How to complete this task
Please output the listing below character for character and omit the images.

(Beginning of The data)

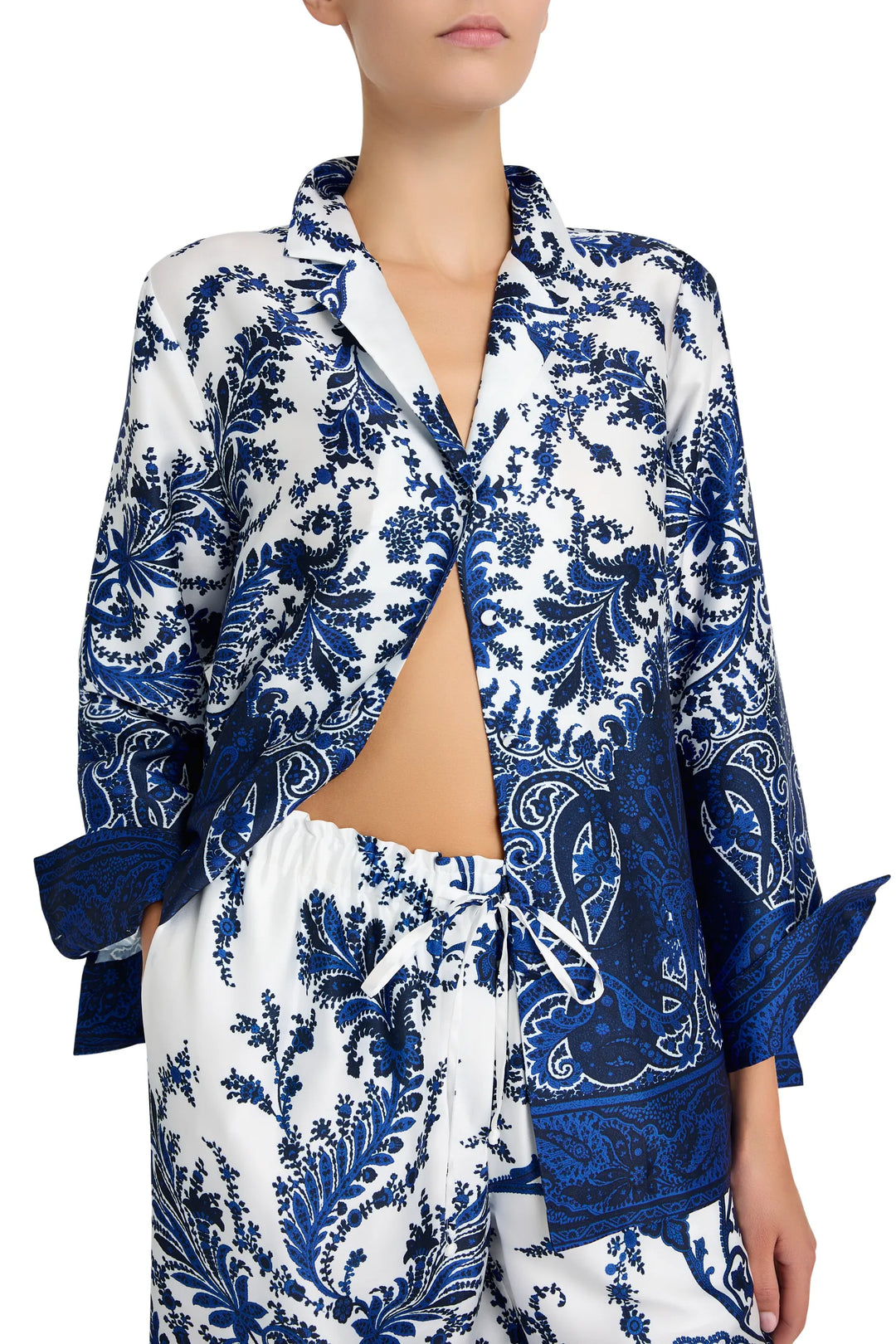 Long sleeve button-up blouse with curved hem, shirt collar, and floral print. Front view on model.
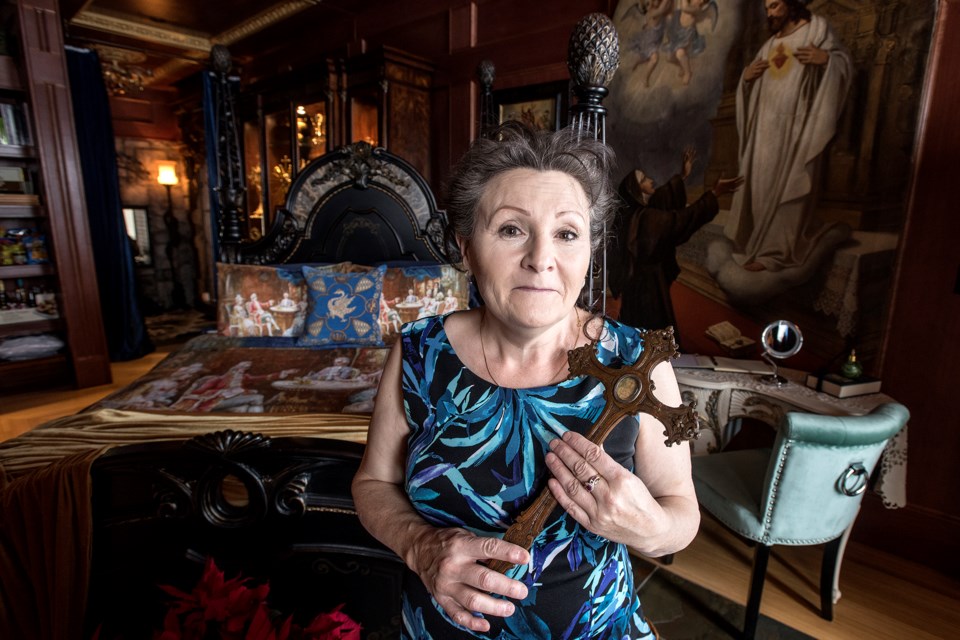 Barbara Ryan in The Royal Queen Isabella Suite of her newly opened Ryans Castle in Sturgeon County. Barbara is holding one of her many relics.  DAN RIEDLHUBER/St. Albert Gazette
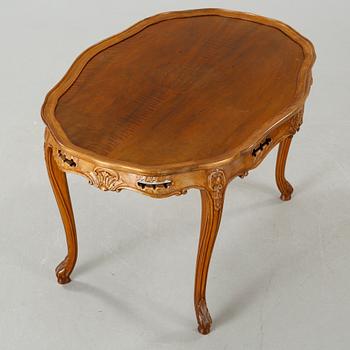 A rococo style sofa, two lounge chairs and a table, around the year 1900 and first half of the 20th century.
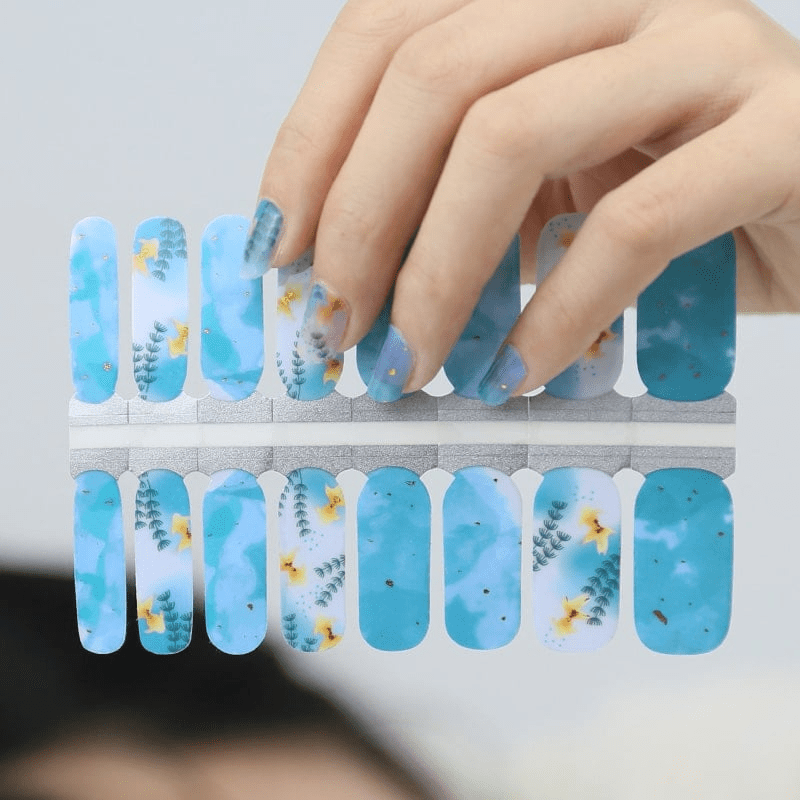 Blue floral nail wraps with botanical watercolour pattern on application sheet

(End of The data)

Output below
 Long sleeve button-up blouse with curved hem, shirt collar, and floral print. Front view on model.
 Barbara Ryan in The Royal Queen Isabella Suite of her newly opened Ryans Castle in Sturgeon County. Barbara is holding one of her many relics.  DAN RIEDLHUBER/St. Albert Gazette
 A rococo style sofa, two lounge chairs and a table, around the year 1900 and first half of the 20th century.
 Blue floral nail wraps with botanical watercolour pattern on application sheet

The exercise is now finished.